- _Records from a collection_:

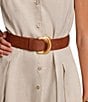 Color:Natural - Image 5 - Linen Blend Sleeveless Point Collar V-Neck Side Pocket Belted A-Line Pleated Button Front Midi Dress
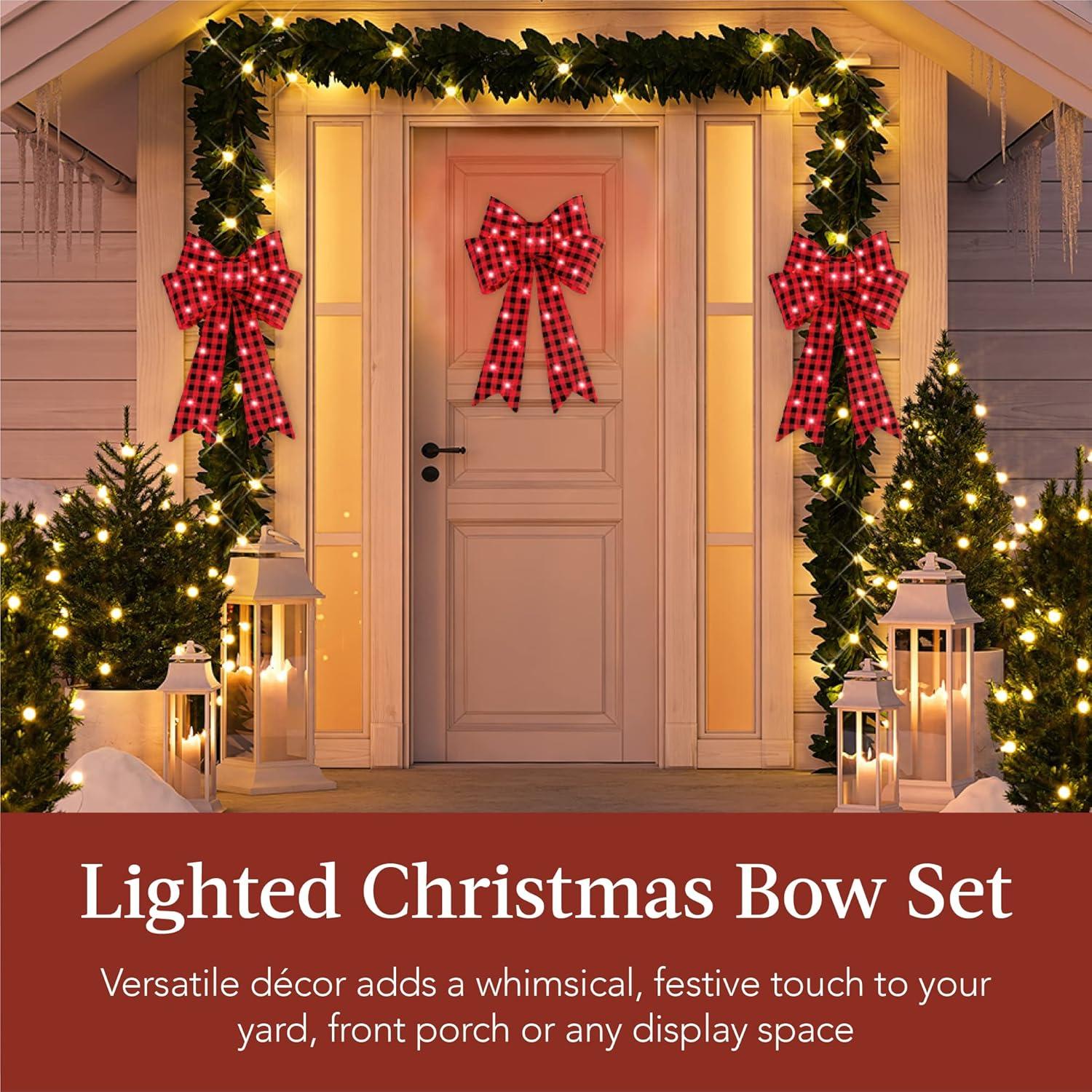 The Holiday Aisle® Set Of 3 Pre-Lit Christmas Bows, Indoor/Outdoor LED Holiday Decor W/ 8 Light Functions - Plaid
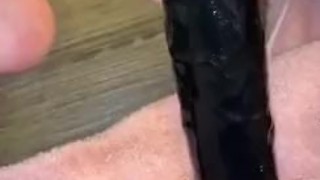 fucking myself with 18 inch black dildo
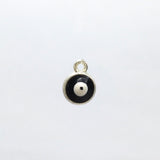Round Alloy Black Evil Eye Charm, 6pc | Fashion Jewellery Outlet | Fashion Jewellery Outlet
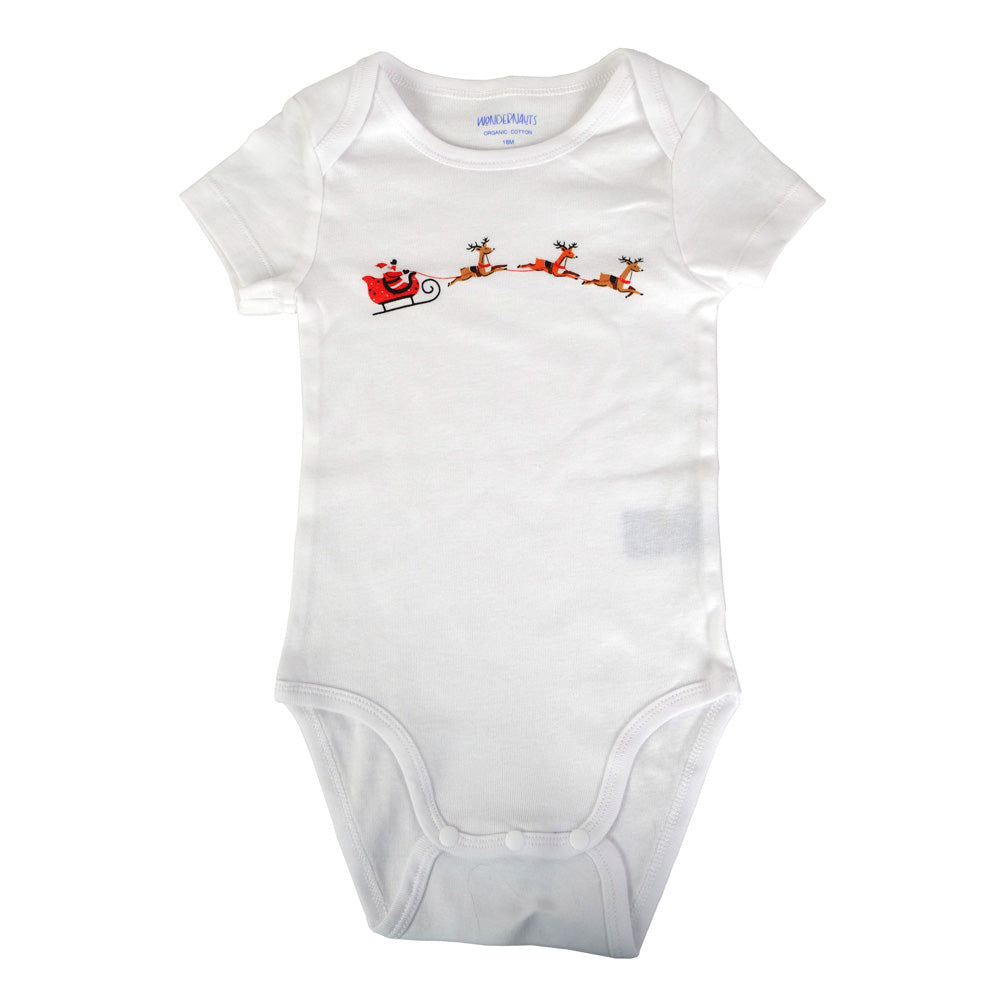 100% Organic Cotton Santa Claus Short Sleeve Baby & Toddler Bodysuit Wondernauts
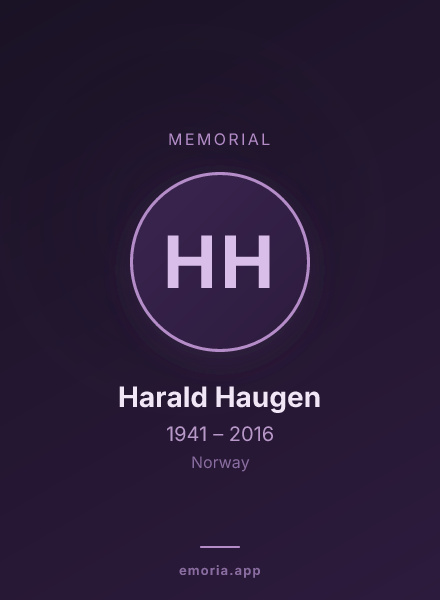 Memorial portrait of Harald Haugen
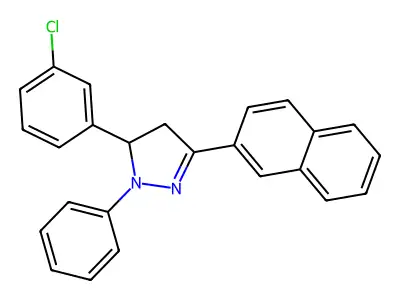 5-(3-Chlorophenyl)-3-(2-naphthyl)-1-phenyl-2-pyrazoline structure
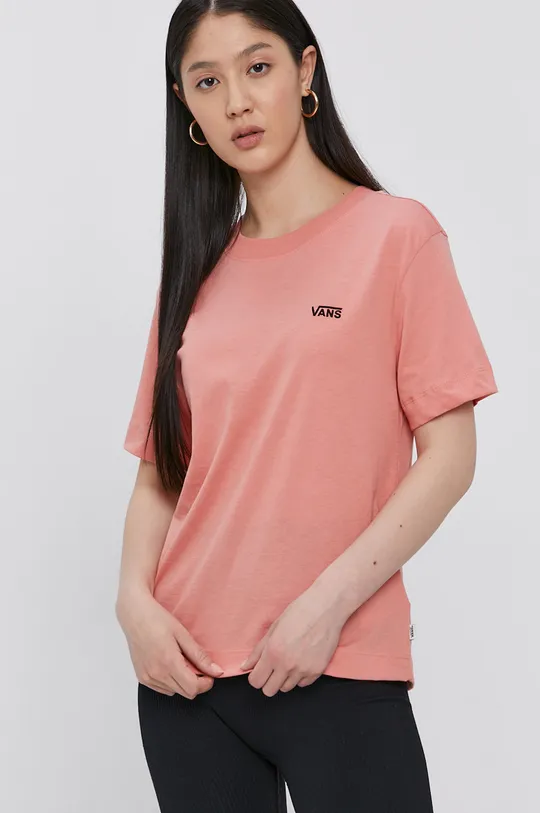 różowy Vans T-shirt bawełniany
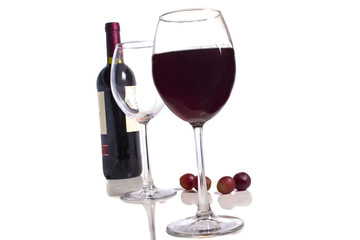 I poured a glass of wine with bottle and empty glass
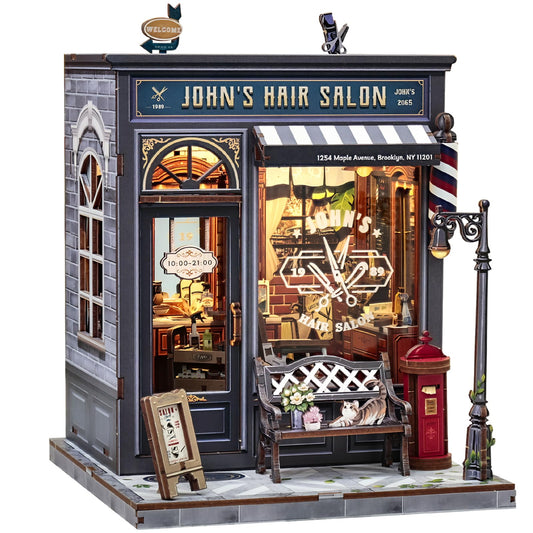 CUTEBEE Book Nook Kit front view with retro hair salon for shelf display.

- _Task directions_: Restate the preceding entries in full, word for word, with the pictures removed.

- _Solution_:
 Color:Natural - Image 5 - Linen Blend Sleeveless Point Collar V-Neck Side Pocket Belted A-Line Pleated Button Front Midi Dress
 The Holiday Aisle® Set Of 3 Pre-Lit Christmas Bows, Indoor/Outdoor LED Holiday Decor W/ 8 Light Functions - Plaid
 fucking myself with 18 inch black dildo
Round Alloy Black Evil Eye Charm, 6pc | Fashion Jewellery Outlet | Fashion Jewellery Outlet
 100% Organic Cotton Santa Claus Short Sleeve Baby & Toddler Bodysuit Wondernauts
 Memorial portrait of Harald Haugen
 5-(3-Chlorophenyl)-3-(2-naphthyl)-1-phenyl-2-pyrazoline structure
 różowy Vans T-shirt bawełniany
 I poured a glass of wine with bottle and empty glass
 CUTEBEE Book Nook Kit front view with retro hair salon for shelf display.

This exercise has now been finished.